18 January 2008

To burn or not to burn?

According to Inside Higher Ed,
The son of Vladimir Nabokov is weighing whether to carry out the late novelist’s request that his final, unpublished work — currently in a Swiss bank — be destroyed. An article in Slate reviews the issues involved and how they relate to the question of who really owns literary work.
Ron Rosenbaum explains,
What I'd like to do is convey to Dmitri the best of your responses to this (literally) burning question, since he deserves to know the sentiments of the intelligent reading public as well as those of the close-knit coterie of Nabokovians greedy to view the body of [The Original of] Laura's text.
Maud points to reactions by Laila Lalami and Stephany Aulenback. Bookninja has something to say (as well as many thoughtful commenters). Michael Orthofer discusses a troubling point.
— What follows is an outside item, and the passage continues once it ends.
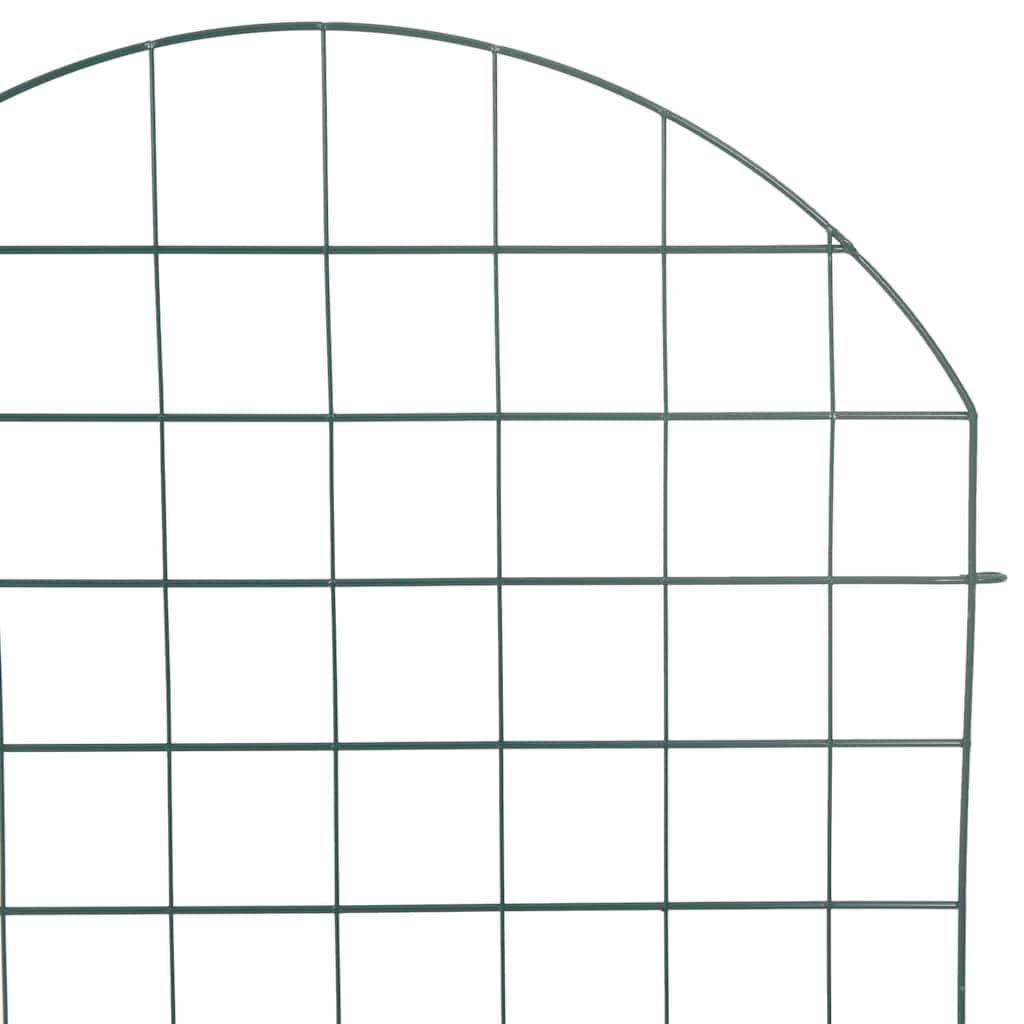 Recinzione per stagno, set da 8 pezzi, design moderno, verde, 50 x 80 cm, in acciaio resistente alle intemperie, durevole recinzione da giardino per stagni, aiuole e terrazze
I'm reminded of the controversy that swirled around Alice Quinn's publication of Elizabeth Bishop's Edgar Allan Poe & The Juke-Box: Uncollected Poems, Drafts, and Fragments. Many thought Quinn should've left well-enough alone--especially Helen Vendler:
It will be argued that Bishop could have burned all these pieces of paper if she did not wish them to see publication. (I am told that poets now, fearing an Alice Quinn in their future, are incinerating their drafts.) But burning one's writings is painful, and Bishop kept her papers, as any of us might, because the past was precious to her. Bishop did not expect to die when she did, in 1979, at the age of sixty-eight; her death was sudden and unforeseen. (Even if she had left instructions not to publish her papers, she could not rely on their being obeyed: Max Brod disobeyed Kafka's explicit command to destroy his writings. But some poets have been obeyed: Hopkins asked his sisters to burn his spiritual journals, and they did.) Had Bishop been asked whether her repudiated poems, and some drafts and fragments, should be published after her death, she would have replied, I believe, with a horrified "No."
I suppose I could resign myself to the destruction of those infamous index cards if Dmitri were to answer Rosenbaum's plea and tell us a little bit more about it:
Tell us what you want to tell us about Laura (including the "real" name of the original). Tell us why you think it's the "distillation of [your] father's art." Tell us, please, what that can mean. Or explain why Laura is such a "radical" departure from his previous work.
I guess we won't have too long to wait.

UPDATE: Scott at Conversational Reading and Dan of The Reading Experience also discuss the issue.

4 comments:

Anonymous said...

Never fear. Modern storytellers are putting their stuff on the web almost immediately, polished or not. I'm guessing that once archive.org/alexa gets it, you're out of luck.

amcorrea said...

Good point. It'll be interesting to see how this changes things in the future.

Anonymous said...

I just read this post for the first time, since you linked it recently. This scenario reminds me of the part of Kundera's Testaments Betrayed, which delves into the problem of Max Brod's broken promise to Kafka - since Kafaka directed Brod to destroy all his unfinished manuscripts, discarded novels, diaries, notes, etc after his death, but Brod turned around and published every last scrap of it, not to mention cashing in on the cult of Kafka to which he largely contributed (and from which he profited). Kundera is one of those writers who is terrified of posthumous betrayals, hence his refusal to give interviews or otherwise provide content for fodder that might be misconstrued or analyzed to death after he's gone. It's a fairly disturbing problem, in my opinion. I think it's a shame they even consider publishing things the author felt sub-par.

amcorrea said...

I agree with you, for the most part. Yet there is that part of me that doesn't want to think of the nonexistence of the Aeneid or The Trial. But some sort of balance must be struck. In the case of Nabokov, more and more I agree that it should be burned--especially since it's the skeleton of a novel that was never written.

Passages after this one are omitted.